1. Academic Validation
  2. Mutually exclusive substrate selection strategy by human m3C RNA transferases METTL2A and METTL6

Mutually exclusive substrate selection strategy by human m3C RNA transferases METTL2A and METTL6

  • Nucleic Acids Res. 2021 Aug 20;49(14):8309-8323. doi: 10.1093/nar/gkab603.
Xue-Ling Mao 1 Zi-Han Li 1 Meng-Han Huang 1 Jin-Tao Wang 1 Jing-Bo Zhou 1 Qing-Run Li 2 Hong Xu 3 Xi-Jin Wang 4 Xiao-Long Zhou 1
Affiliations

Affiliations

  • 1 State Key Laboratory of Molecular Biology, CAS Center for Excellence in Molecular Cell Science, Shanghai Institute of Biochemistry and Cell Biology, Chinese Academy of Sciences, University of Chinese Academy of Sciences, 320 Yue Yang Road, Shanghai 200031, China.
  • 2 CAS Key Laboratory of Systems Biology, CAS Center for Excellence in Molecular Cell Science, Shanghai Institute of Biochemistry and Cell Biology, Chinese Academy of Sciences, University of Chinese Academy of Sciences, 320 Yue Yang Road, Shanghai 200031, China.
  • 3 Shanghai Key Laboratory of Embryo Original Diseases, the International Peace Maternity and Child Health Hospital, School of Medicine, Shanghai Jiao Tong University, 910 Heng Shan Road, Shanghai 200030, China.
  • 4 Department of Neurology, Xinhua Hospital, School of Medicine, Shanghai Jiao Tong University, 1665 Kong Jiang Road, Shanghai 200092, China.
Abstract

tRNAs harbor the most diverse posttranscriptional modifications.
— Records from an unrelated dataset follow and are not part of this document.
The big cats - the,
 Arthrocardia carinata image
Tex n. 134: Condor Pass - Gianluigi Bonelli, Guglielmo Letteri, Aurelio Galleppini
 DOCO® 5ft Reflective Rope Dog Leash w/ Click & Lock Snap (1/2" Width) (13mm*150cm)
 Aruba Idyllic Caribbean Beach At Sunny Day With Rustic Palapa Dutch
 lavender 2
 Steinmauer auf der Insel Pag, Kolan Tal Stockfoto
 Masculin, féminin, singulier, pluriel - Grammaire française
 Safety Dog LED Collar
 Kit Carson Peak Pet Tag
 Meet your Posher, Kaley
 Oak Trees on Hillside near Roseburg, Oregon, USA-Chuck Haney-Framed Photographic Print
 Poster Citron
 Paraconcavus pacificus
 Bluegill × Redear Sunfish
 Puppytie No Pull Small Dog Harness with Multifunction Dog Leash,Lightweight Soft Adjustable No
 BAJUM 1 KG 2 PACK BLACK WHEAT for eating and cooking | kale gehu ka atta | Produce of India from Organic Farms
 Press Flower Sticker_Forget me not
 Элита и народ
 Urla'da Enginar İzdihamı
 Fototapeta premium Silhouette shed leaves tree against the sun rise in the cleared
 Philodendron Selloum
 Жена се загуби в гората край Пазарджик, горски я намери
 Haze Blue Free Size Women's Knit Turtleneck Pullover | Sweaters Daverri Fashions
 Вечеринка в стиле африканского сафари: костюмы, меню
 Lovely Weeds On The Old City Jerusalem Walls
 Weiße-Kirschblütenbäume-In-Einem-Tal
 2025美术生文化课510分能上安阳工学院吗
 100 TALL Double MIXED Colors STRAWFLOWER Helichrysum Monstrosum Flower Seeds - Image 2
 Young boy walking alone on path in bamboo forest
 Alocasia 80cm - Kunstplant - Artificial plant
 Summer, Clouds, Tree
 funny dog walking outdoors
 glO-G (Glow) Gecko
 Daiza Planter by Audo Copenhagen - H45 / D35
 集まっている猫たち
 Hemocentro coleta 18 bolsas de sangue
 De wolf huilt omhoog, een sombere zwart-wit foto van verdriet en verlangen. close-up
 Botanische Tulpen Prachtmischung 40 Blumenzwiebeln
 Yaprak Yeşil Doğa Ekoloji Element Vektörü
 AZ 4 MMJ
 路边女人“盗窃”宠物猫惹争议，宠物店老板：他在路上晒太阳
The 3-methylcytidine (m3C) is widely distributed at position C32 (m3C32) of eukaryotic tRNAThr and tRNASer species. m3C32 is decorated by the single methyltransferase Trm140 in budding yeasts; however, two (Trm140 and Trm141 in fission yeasts) or three Enzymes (METTL2A, METTL2B and METTL6 in mammals) are involved in its biogenesis. The rationale for the existence of multiple m3C32 methyltransferases and their substrate discrimination mechanism is hitherto unknown. Here, we revealed that both METTL2A and METTL2B are expressed in vivo. We purified human METTL2A, METTL2B, and METTL6 to high homogeneity. We successfully reconstituted m3C32 modification activity for tRNAThr by METT2A and for tRNASer(GCU) by METTL6, assisted by seryl-tRNA synthetase (SerRS) in vitro. Compared with METTL2A, METTL2B exhibited dramatically lower activity in vitro. Both G35 and t6A at position 37 (t6A37) are necessary but insufficient prerequisites for tRNAThr m3C32 formation, while the anticodon loop and the long variable arm, but not t6A37, are key determinants for tRNASer(GCU) m3C32 biogenesis, likely being recognized synergistically by METTL6 and SerRS, respectively. Finally, we proposed a mutually exclusive substrate selection model to ensure correct discrimination among multiple tRNAs by multiple m3C32 methyltransferases.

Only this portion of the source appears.